A medida que los grupos gays se hacen más visibles, lo mismo sucede con la homofobia
por © Nina Martyris (Agosto 24, 2004)
 
Mumbai: El asesinato de dos homosexuales en un departamento elegante de Nueva Delhi, la semana pasada, sirvió como excusa para desatar una cacería homofóbica. Para quienes murmuran acerca de la bajeza de la vida gay, hubo un verdadero festín con la pareja asesinada en medio de un reguero de fotografías polaroid comprometedoras. Y quienes se adhieren a los estereotipos de que los hombres gays son promiscuos y no piensan en nada más, también estuvieron de fiesta.

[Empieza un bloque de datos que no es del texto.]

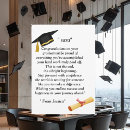 Search for university graduation invitations Party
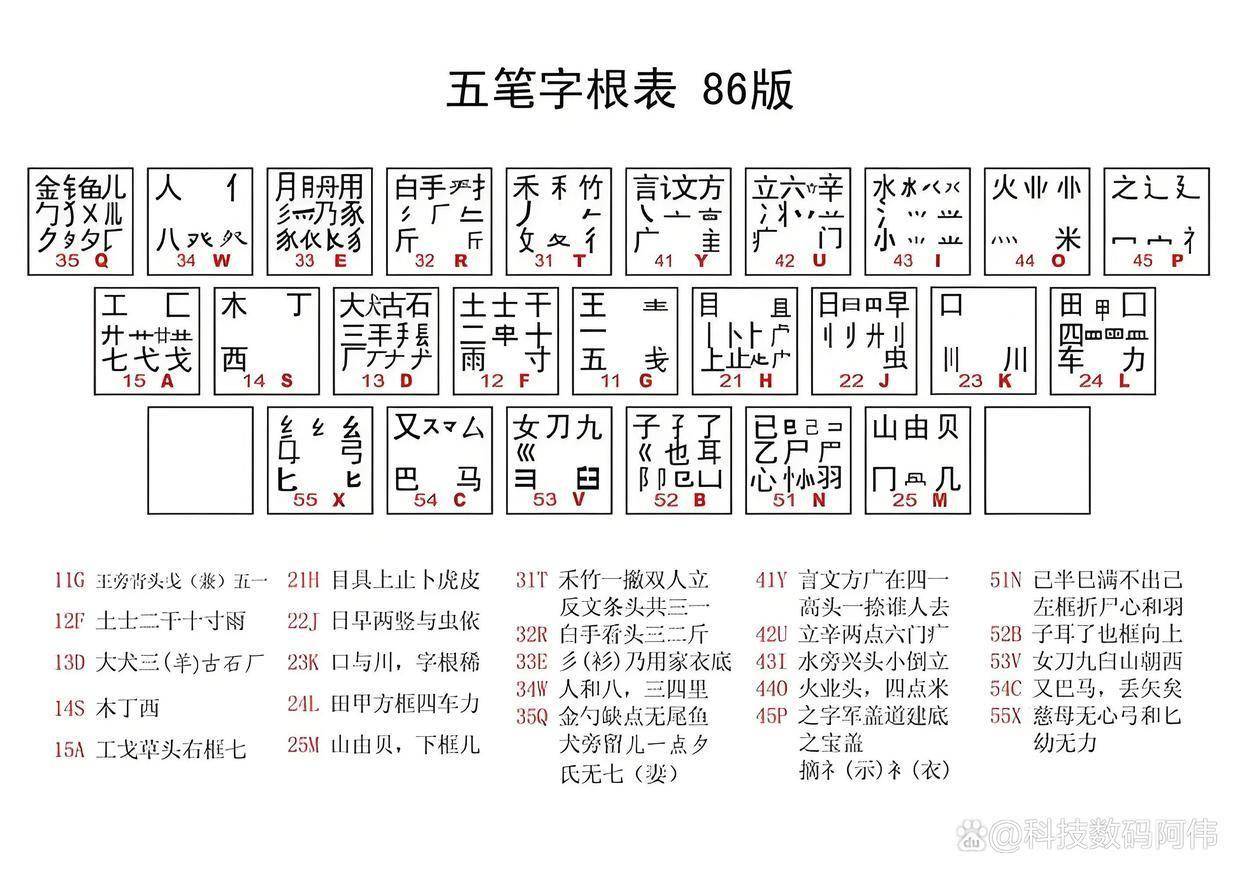 先五笔怎么打(先生五笔怎么打)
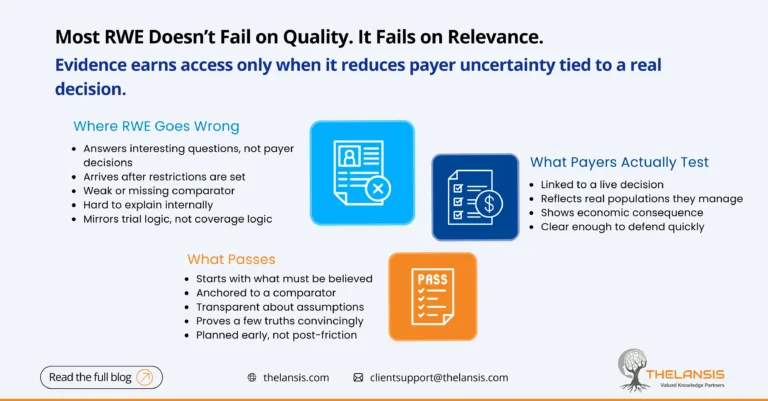 Why Most RWE Fails Payer Scrutiny (and What Actually Passes)
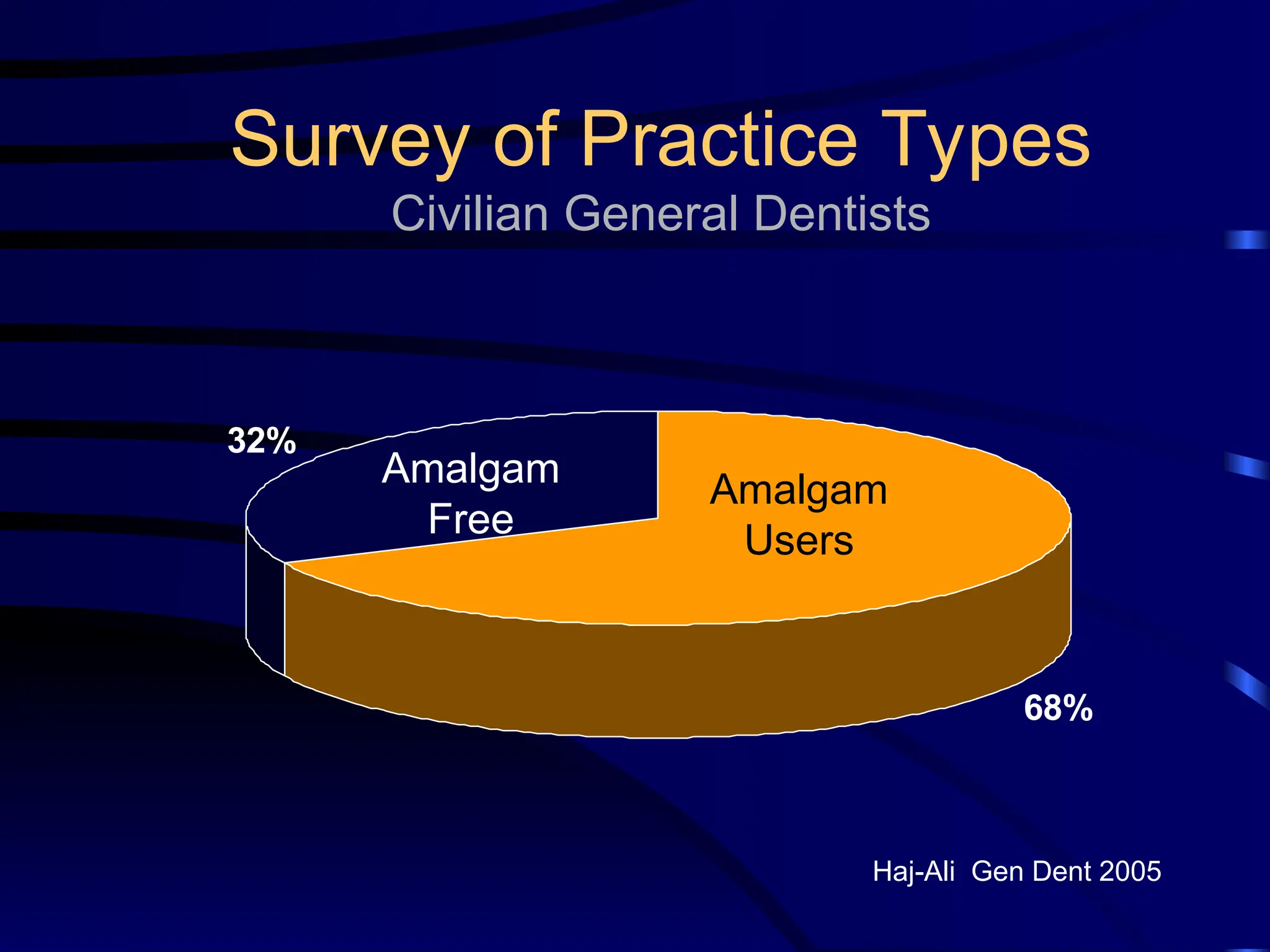 Survey of Practice Types
Civilian General Dentists
68%
32%
Amalgam
Users
Amalgam
Free
Haj-Ali Gen Dent 2005
 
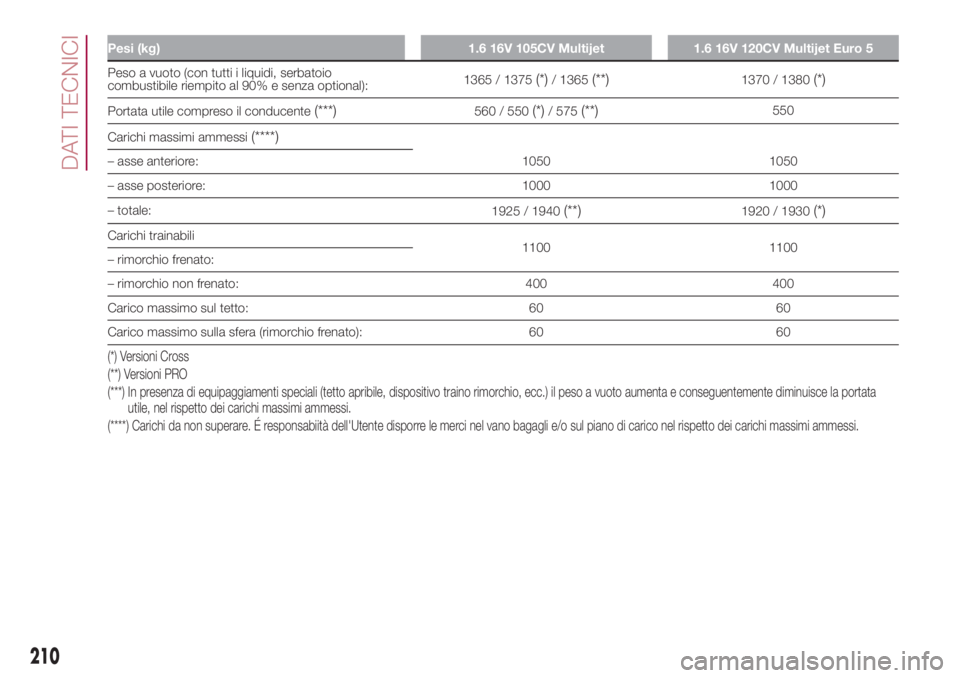 FIAT 500L 2018  Libretto Uso Manutenzione (in Italian) Pesi (kg) 1.6 16V 105CV Multijet 1.6 16V 120CV Multijet Euro 5
Peso a vuoto (con tutti i liquidi, serbatoio
combustibile riempito al 90% e senza optional):1365 / 1375(*)/ 1365(**)1370 / 1380(*)
Portat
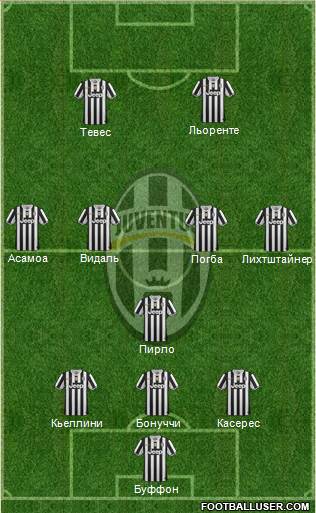 Juventus Formation 2014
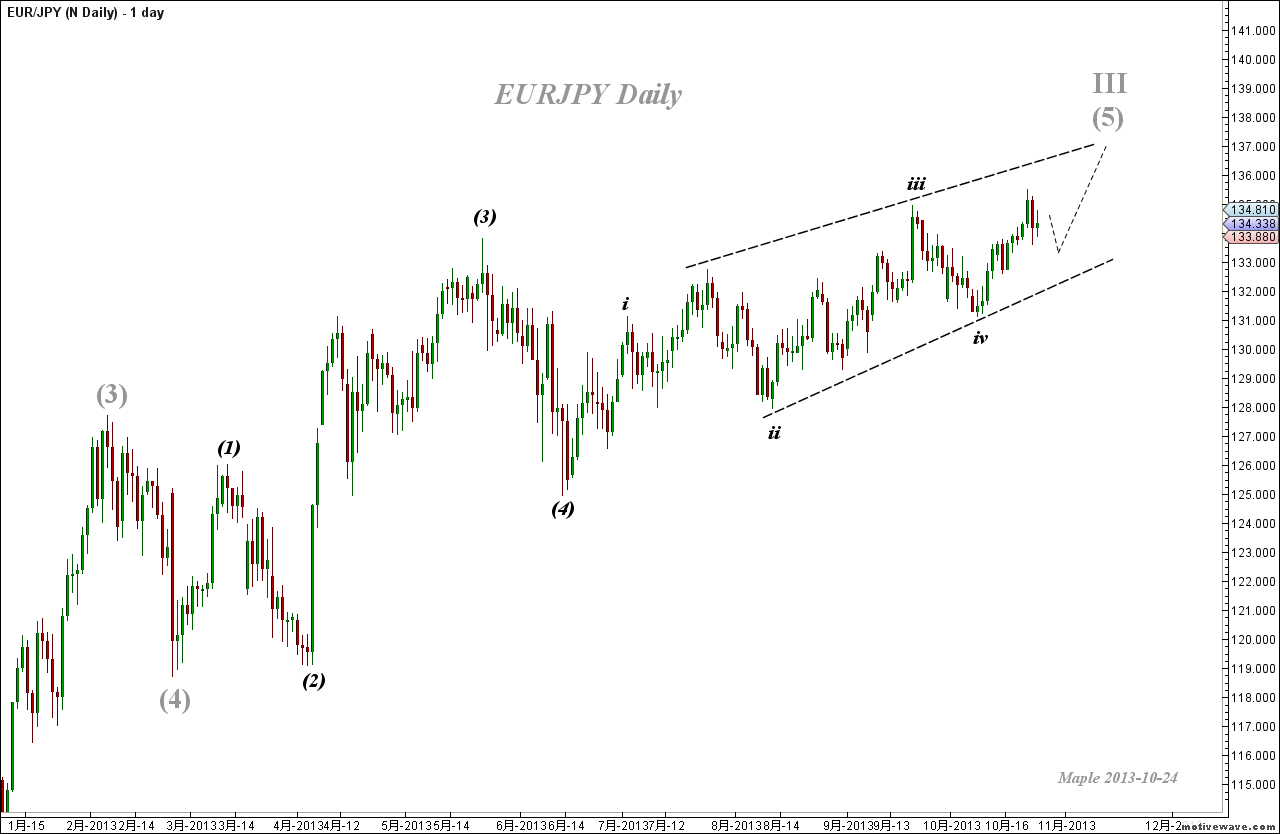 2013-10-24 EURJPY -  (Daily).png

Pero si hay algo de solaz que se puede extraer de este crimen brutal y de la sórdida ofensiva que le siguió, es que muy probablemente el asesinato no fue un crimen de odio homofóbico, sino el producto de una crisis personal. Este no fue un caso como el de Matthew Shephard, a quien ataron a un poste en las congeladas temperaturas de Wyoming, lo golpearon con pistolas y lo dejaron morir, por ser gay más que por ninguna otra razón.

Como nunca se han cansado de repetir los activistas como Ashok Row Kavi, de Mumbai, los indios no son homófobos y fue la ética represiva de la Inglaterra victoriana la que introdujo el Artículo 377 que hace de la homosexualidad un delito. Seguro: el indio promedio puede no tener ningún deseo de tener contacto cercano con la homoafectividad, pero tampoco desea matar o mutilar a aquellos cuya afectividad fluya a un ritmo diferente. “Se han escrito varios ensayos a lo largo de las edades, que tratan la homoafectividad bajo una perspectiva optimista”, dice Kavi. “Desde el Kama Sutra a los frescos de los templos antiguos que mostraban el amor entre personas del mismo sexo”.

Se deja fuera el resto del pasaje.